Josette Audin, un très beau portrait par Nathalie Funès dans l’OBS

par Ajma

Josette Audin, lors d’une manifestation à Paris en 2004 pour l’inauguration d’une place au nom de son mari Maurice Audin, dans le 5e arrondissement. (AFP/ JEAN AYISSI)

Il n’y aurait pas eu d’affaire Audin sans Josette Audin »

Par Nathalie Funès
Publié le 04 février 2019 à 10h53

La dernière fois que nous avions été la voir, c’était à la mi-décembre.

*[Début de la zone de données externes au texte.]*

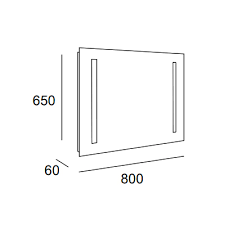 Bathroom Mirror IP44 Reflex Rectangular LED 20W 4000K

Nous lui avions demandé ce qu’elle avait emporté, en 1966, après le coup d’Etat de Houari Boumediene, quand elle avait quitté l’Algérie pour rejoindre la France, en passant par le Maroc et l’Espagne, avec ses trois enfants, dans une voiture bourrée à craquer. Comme souvent, Josette Audin avait d’abord répondu par un silence. Puis elle avait lâché six mots, pas un de plus.« J’ai pris les choses importantes, les livres et les photos. »

Les livres qui avaient traversé la Méditerranée étaient encore-là, un demi-siècle plus tard, dans la bibliothèque de son salon, perché au cinquième étage d’un immeuble blanc de Bagnolet, en banlieue parisienne. Et les photos aussi, les rares portraits en noir et blanc, visage resté à jamais enfantin, de son mari, Maurice Audin. Le combat de toute sa vie.

Photo non-datée de Maurice Audin. (STF / AFP)

26 ans, trois enfants de 1 mois à 3 ans

Le jeune homme était assistant en mathématiques à la faculté d’Alger, adhérant du Parti communiste algérien (PCA) et militant anticolonialiste. Il a 25 ans quand les militaires viennent l’arrêter, le mardi 11 juin 1957, à 23 heures, dans son appartement de la rue Flaubert, au cœur du quartier du Champ-de-Manœuvre, à Alger. Josette, 26 ans, est là. Leurs trois enfants, Michèle, 3 ans, Louis, 1 an et demi, et Pierre, 1 mois, aussi. Elle s’inquiète de savoir quand son époux va revenir. L’un des militaires lui répond :« S’il est raisonnable, il sera de retour ici dans une heure. »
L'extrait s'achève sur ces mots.